Goldfonds-Manager Joe Foster 4 Gründe, warum Gold Goldaktien schlug

Joe Foster, Portfoliomanager und Stratege für die Gold-Fonds von Van Eck | © Getty Images

Joe Foster, Portfoliomanager und Stratege für die Gold-Fonds von Van Eck Foto: Getty Images

Die Performance von Gold war im Juni angesichts der Schwäche des US-Dollars enttäuschend. Normalerweise sind Goldpreis und Dollarkurs negativ korreliert. Gold geriet jedoch unter enormen Verkaufsdruck, der den Verdacht nahelegt, dass der Markt bewusst nach unten manipuliert wurde.

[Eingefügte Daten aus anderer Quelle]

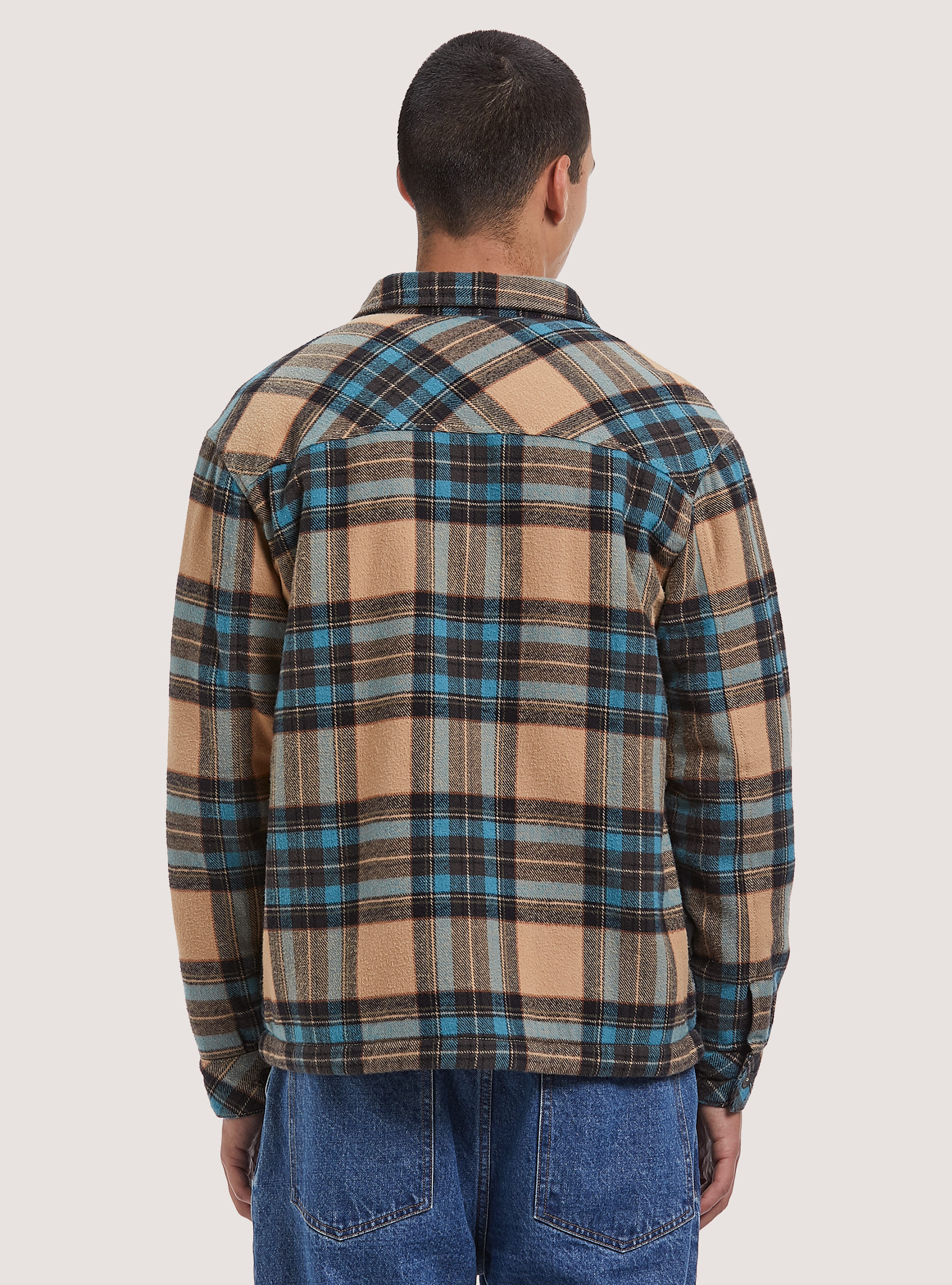 Plaid padded shirt jacket with lambskin lining, BG2 BEIGE MEDIUM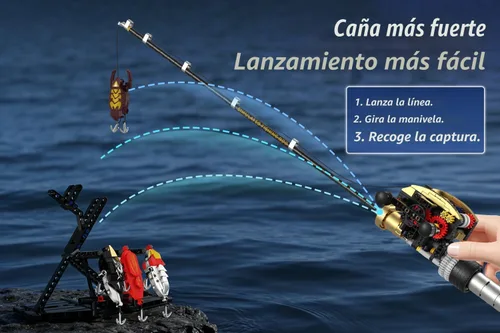 Miniatura 5 de Juguete de bloques de construcción de caña de pescar, compatible con caña de pescar LEGO, juego de construcción de caña de pescar mecánica STEM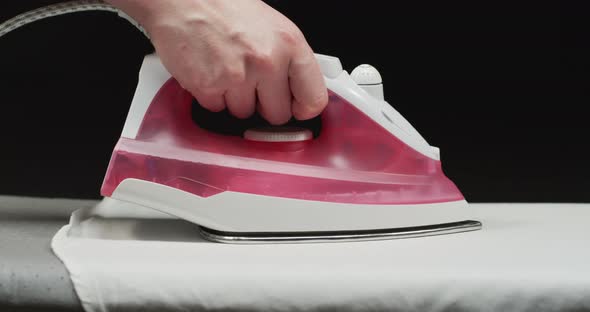 Ironing a white shirt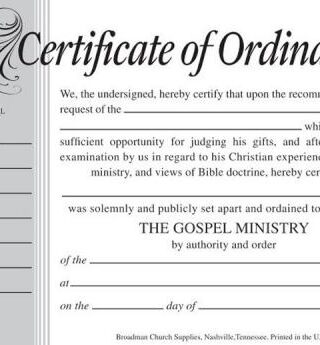 9780805472806 Certificate Of Ordination Minister Billfold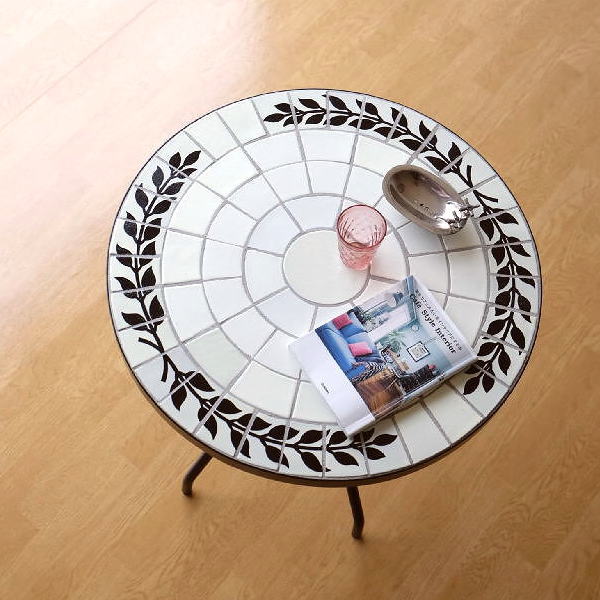 ガーデンテーブル タイル おしゃれ かわいい アイアン 円形 ガーデン ガーデンファニチャー ガーデンテーブル モザイクリース 【送料無料】 [sik1776]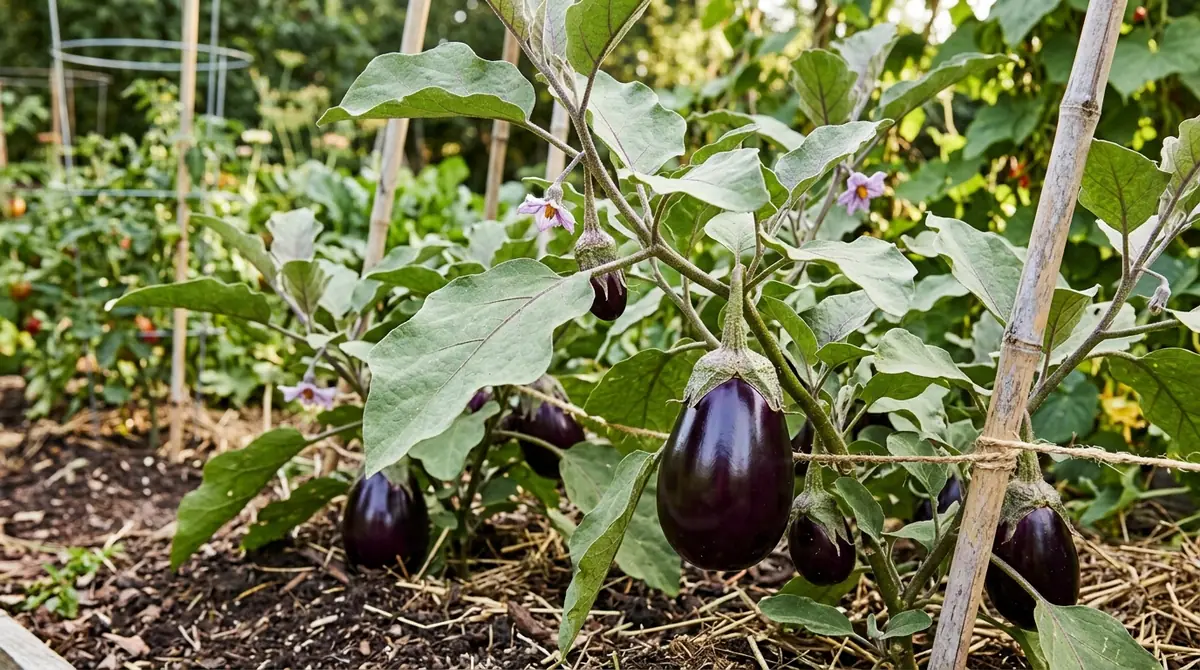Eggplant plants bearing shiny dark purple fruit and small purple flowers in a garden bed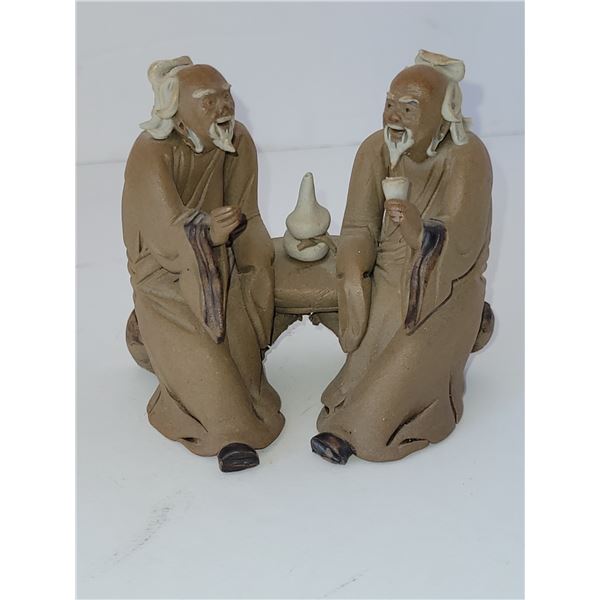 CHIENSE OLD MEN DEBATING OVER TEA 3" X 3"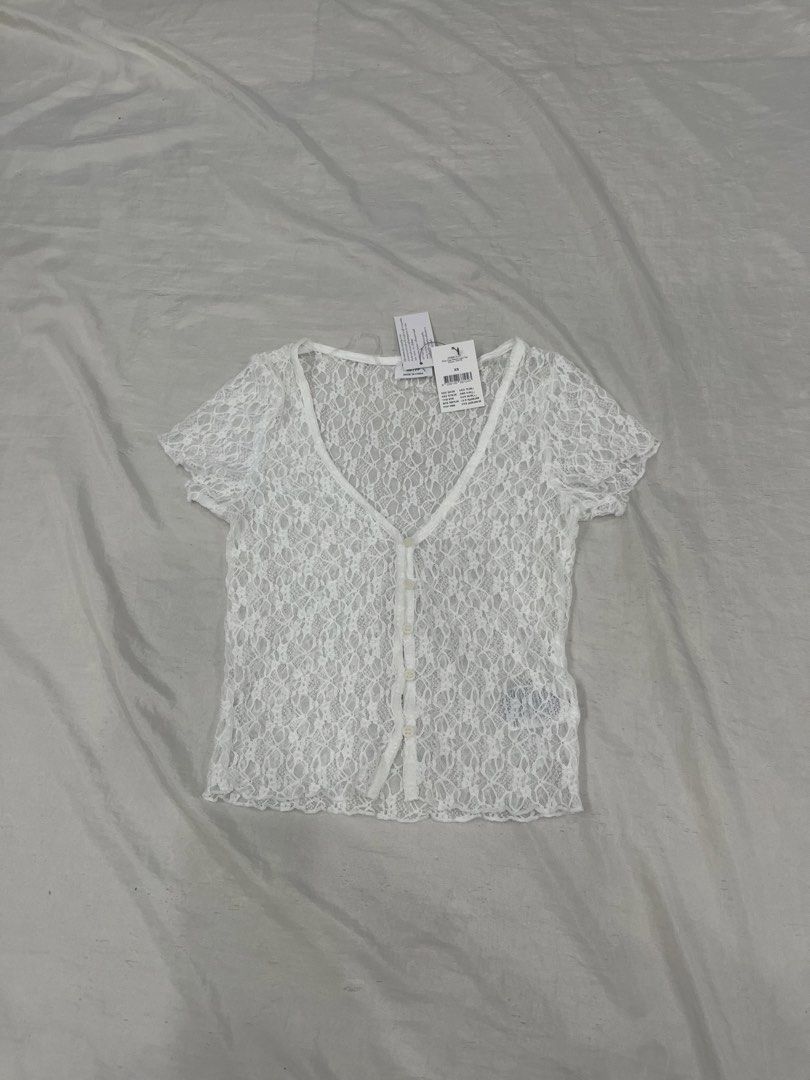 Top Sheer Lace V-neck Top (Category: Shirts) located in Quezon City. Submitted by princesssparklee (Listing ID 1430324346, Image 1). Description: No haggling please. Last price posted. - fits XS-S - no when worn RFS: not being used. Decluttering.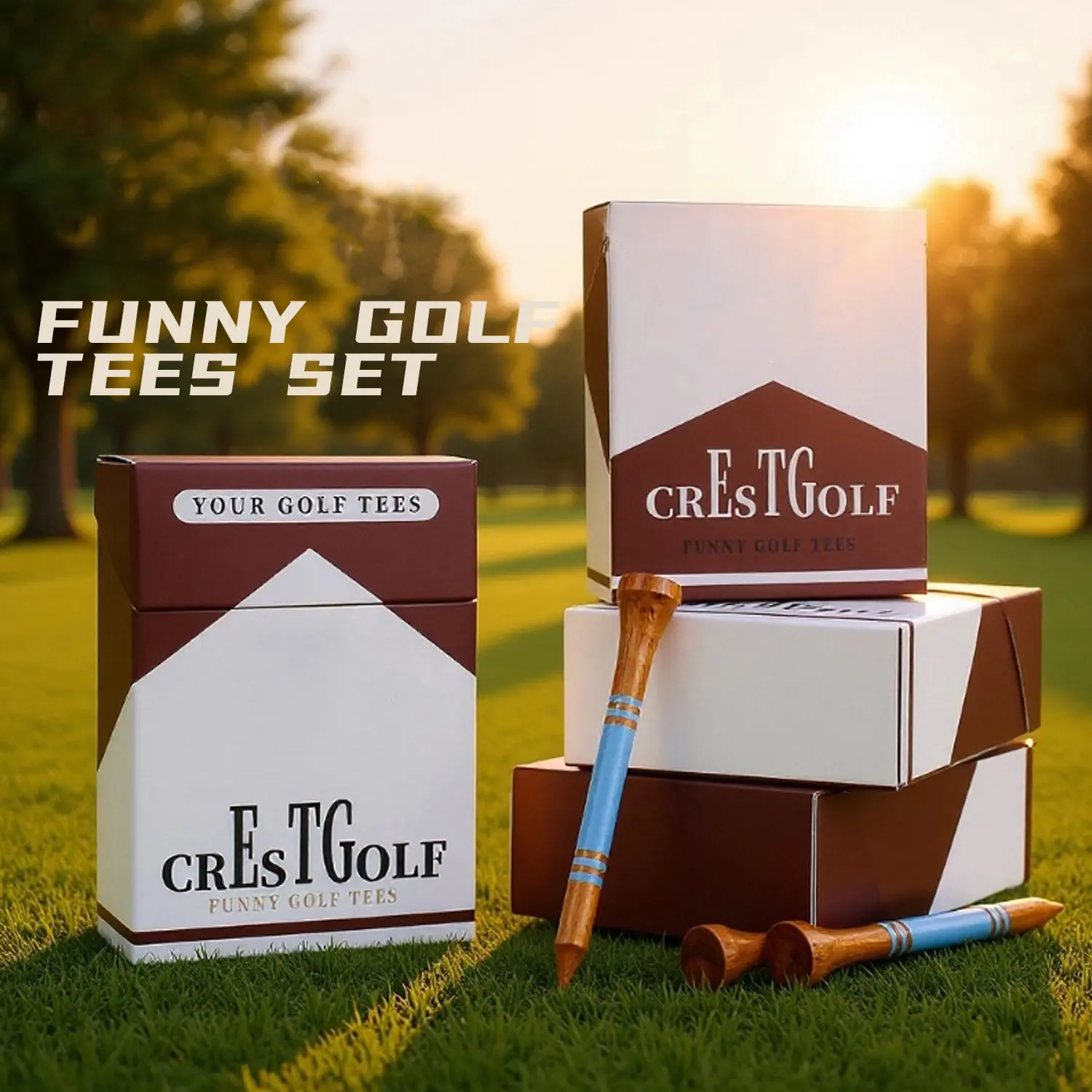 Funny Golf Tees | Golf Accessories for Men | Top Golf Gifts for Men & Unique Golf Gifts for Golfers | Premium Golf Stuff & Golf Bag Accessories | Wooden Bamboo Tees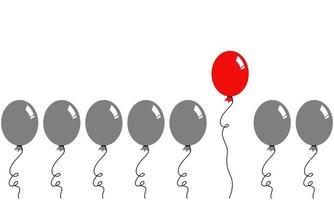 um conjunto de balões cinza isolado no fundo branco. há um vermelho no grupo que flutua mais alto que o outro. conceito sobre ideia, pensamento, criativo, diferente e autoconfiança. vetor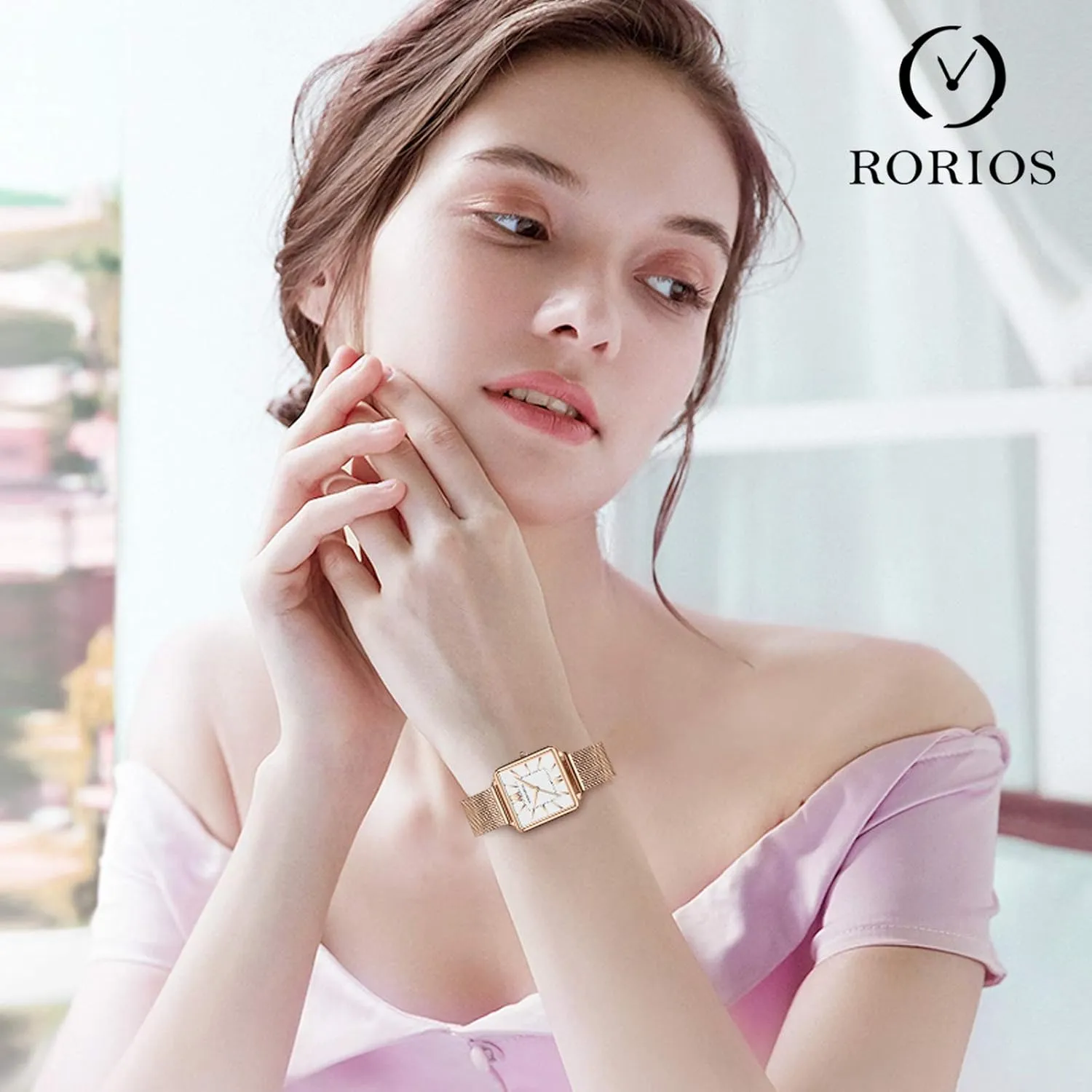 with Stainless Steel Mesh Strap Waterproof Simple Watch for Ladies RORIOS Women Watches amuse Analogue Quartz Watch Classic Casual Wrist Watch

Am 26. Juni wurde am Futures-Markt vor Öffnung der europäischen Märkte um vier Uhr morgens östliche US-Standardzeit plötzlich eine Verkaufsorder über 1,8 Millionen Unzen erteilt, was zu einem umgehenden Preissturz um 18 US-Dollar führte. Der zu Randzeiten bei ansonsten geringen Umsätzen getätigte Verkauf drückte den Preis auf ein Niveau unter der technisch wichtigen Marke von 1.250 US-Dollar je Feinunze.

Weitere massive Verkäufe am Tag vor dem US-Feiertag am 4. Juli führten dazu, dass sich der Goldpreis an der Marke von 1.200 US-Dollar versuchte. Ein solcher (vermutlich) manipulierter Verkaufsdruck war zuletzt zu Zeiten des Bärenmarktes der Jahre 2013 bis 2015 zu beobachten. Wir nehmen an, dass Banken oder Hedgefonds Gewinne erzielen wollten oder eine Regierung versucht hat, der Konkurrenz zum US-Dollar entgegenzuwirken. Den wahren Grund beziehungsweise ob das Ereignis Teil einer größeren Verschwörung war, werden wir wohl nie erfahren und möchten daher auch keine Zeit mit Spekulationen verschwenden. Langfristig betrachtet ist der Markt zu aufnahmefähig und zu tief für eine erfolgreiche Manipulation.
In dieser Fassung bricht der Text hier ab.